Source data:
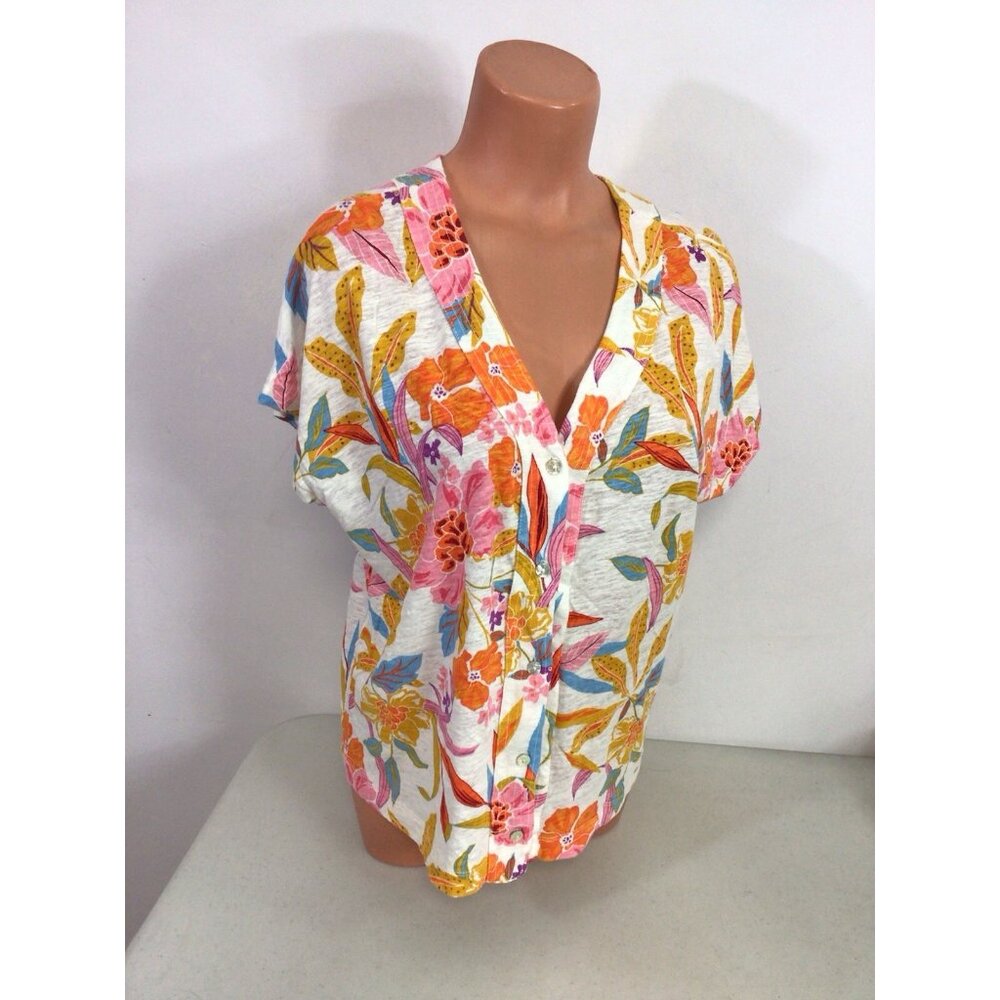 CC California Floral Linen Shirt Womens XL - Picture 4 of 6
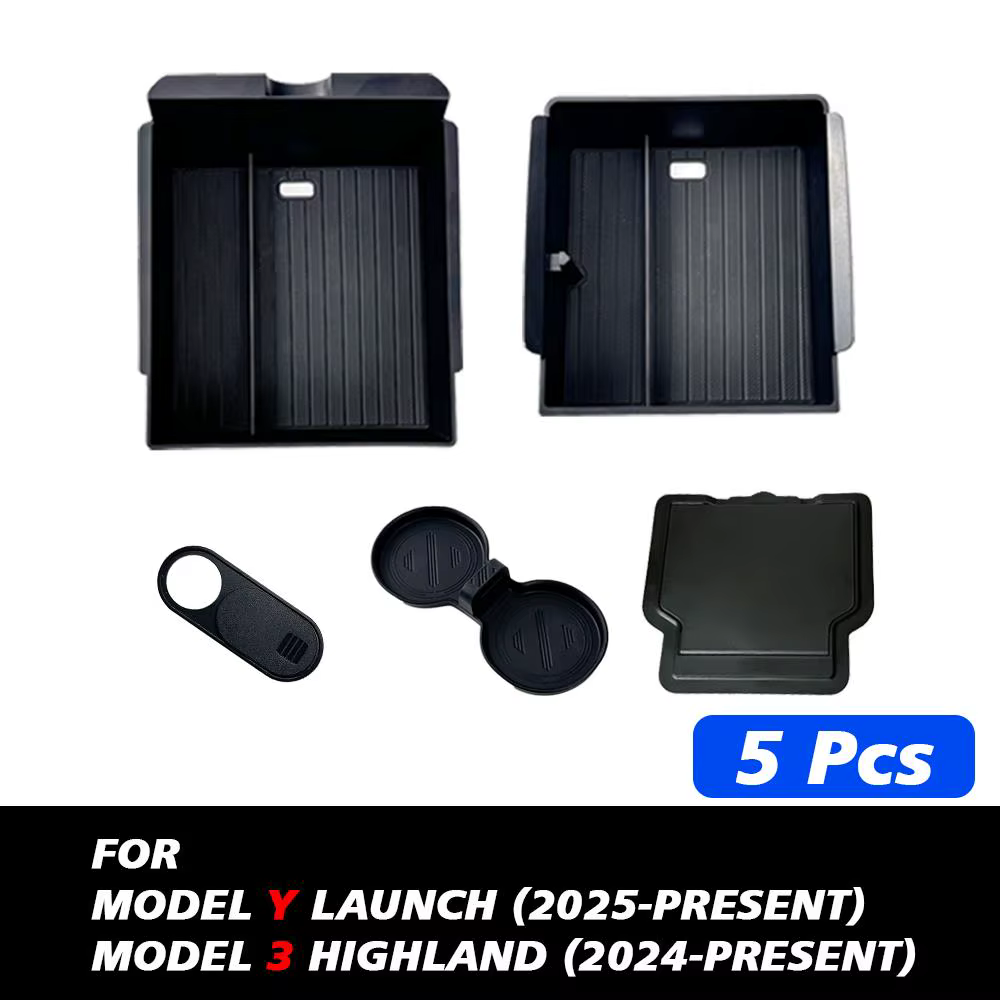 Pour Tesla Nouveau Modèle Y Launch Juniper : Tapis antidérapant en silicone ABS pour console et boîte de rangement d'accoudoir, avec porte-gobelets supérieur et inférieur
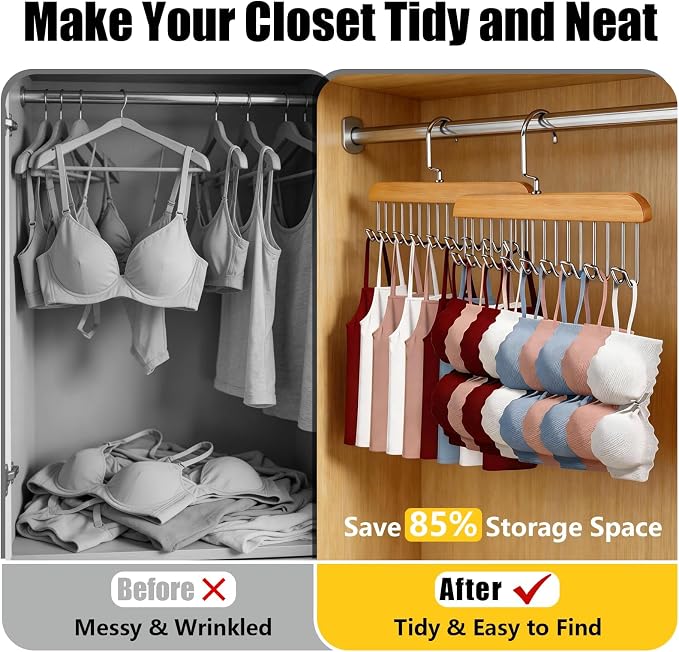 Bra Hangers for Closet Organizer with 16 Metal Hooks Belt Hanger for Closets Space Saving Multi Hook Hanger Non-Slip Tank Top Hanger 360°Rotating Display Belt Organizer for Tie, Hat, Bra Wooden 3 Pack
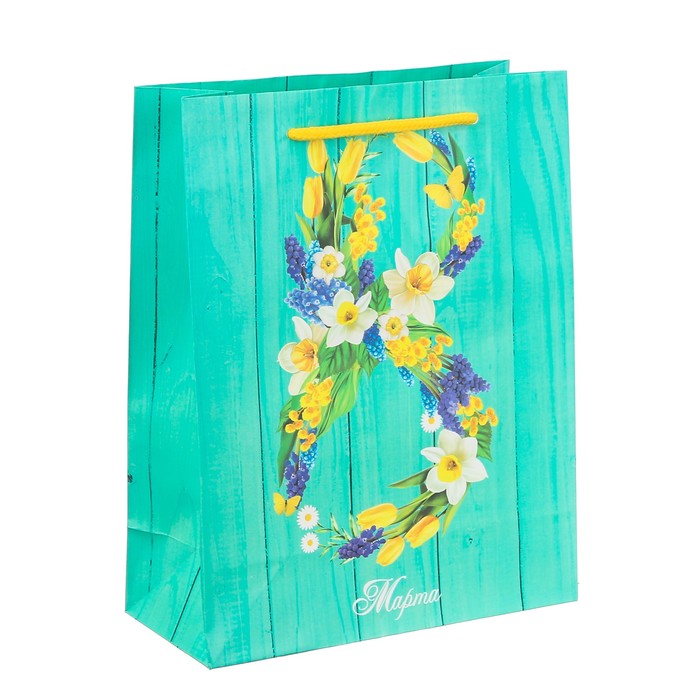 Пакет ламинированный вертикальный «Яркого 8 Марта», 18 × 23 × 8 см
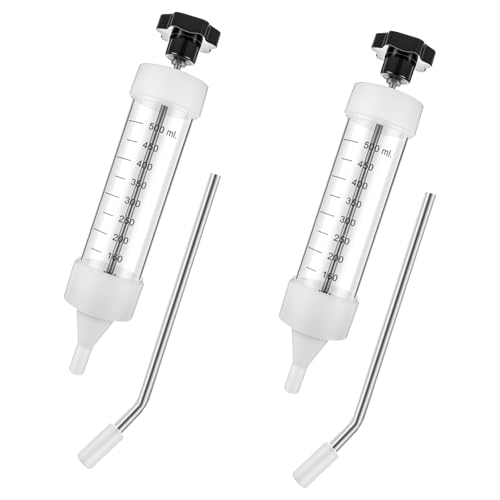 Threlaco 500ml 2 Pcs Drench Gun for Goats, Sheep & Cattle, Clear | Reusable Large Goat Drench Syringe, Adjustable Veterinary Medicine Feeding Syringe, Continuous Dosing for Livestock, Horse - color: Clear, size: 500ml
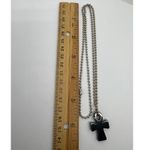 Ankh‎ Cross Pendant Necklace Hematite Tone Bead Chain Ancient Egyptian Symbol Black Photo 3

==

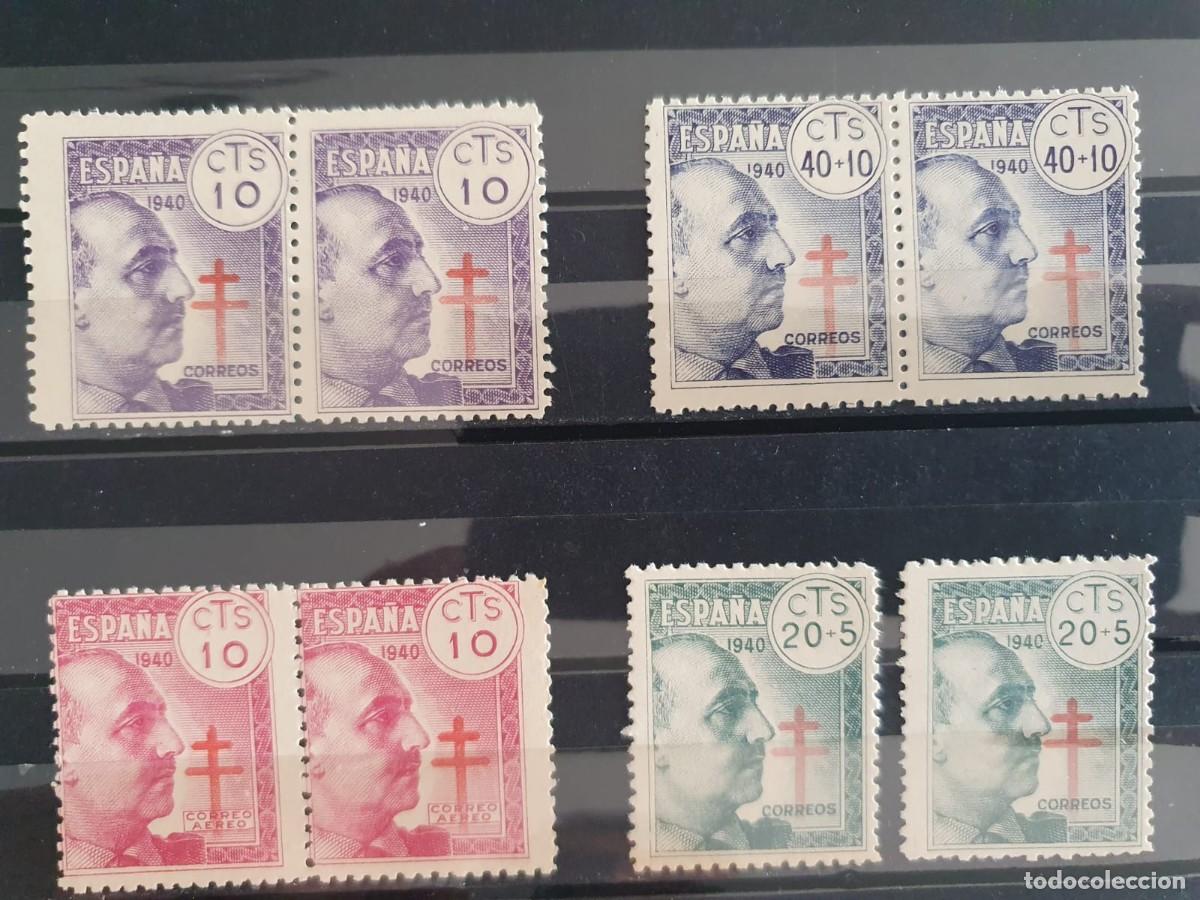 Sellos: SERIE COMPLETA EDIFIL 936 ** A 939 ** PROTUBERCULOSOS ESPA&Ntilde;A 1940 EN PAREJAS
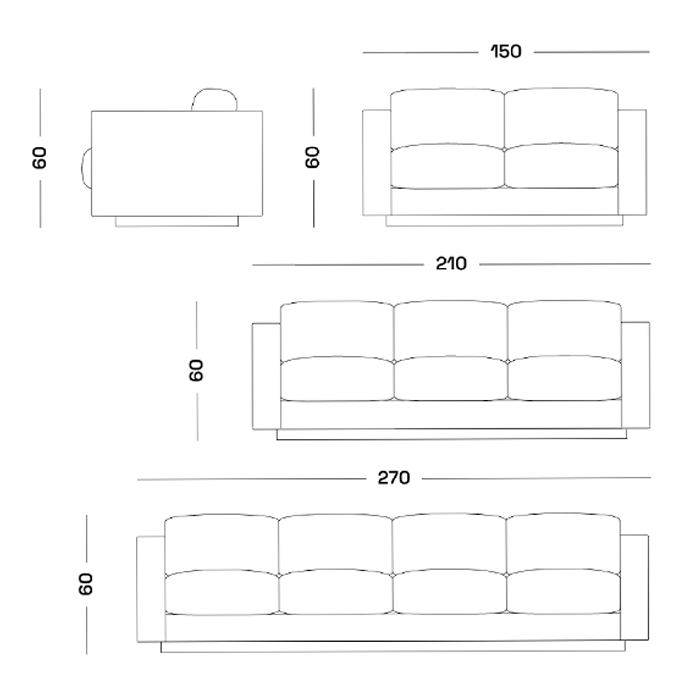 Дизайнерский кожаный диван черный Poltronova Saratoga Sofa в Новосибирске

Problem to work on: Produce an exact reproduction of the listing above, limited to the lines starting at the line with "CC California Floral" and ending at the line with "Ankh‎ Cross Pendant", both kept, with every picture left out.

Exercise answer:
 CC California Floral Linen Shirt Womens XL - Picture 4 of 6
 Pour Tesla Nouveau Modèle Y Launch Juniper : Tapis antidérapant en silicone ABS pour console et boîte de rangement d'accoudoir, avec porte-gobelets supérieur et inférieur
 Bra Hangers for Closet Organizer with 16 Metal Hooks Belt Hanger for Closets Space Saving Multi Hook Hanger Non-Slip Tank Top Hanger 360°Rotating Display Belt Organizer for Tie, Hat, Bra Wooden 3 Pack
 Пакет ламинированный вертикальный «Яркого 8 Марта», 18 × 23 × 8 см
 Threlaco 500ml 2 Pcs Drench Gun for Goats, Sheep & Cattle, Clear | Reusable Large Goat Drench Syringe, Adjustable Veterinary Medicine Feeding Syringe, Continuous Dosing for Livestock, Horse - color: Clear, size: 500ml
 Ankh‎ Cross Pendant Necklace Hematite Tone Bead Chain Ancient Egyptian Symbol Black Photo 3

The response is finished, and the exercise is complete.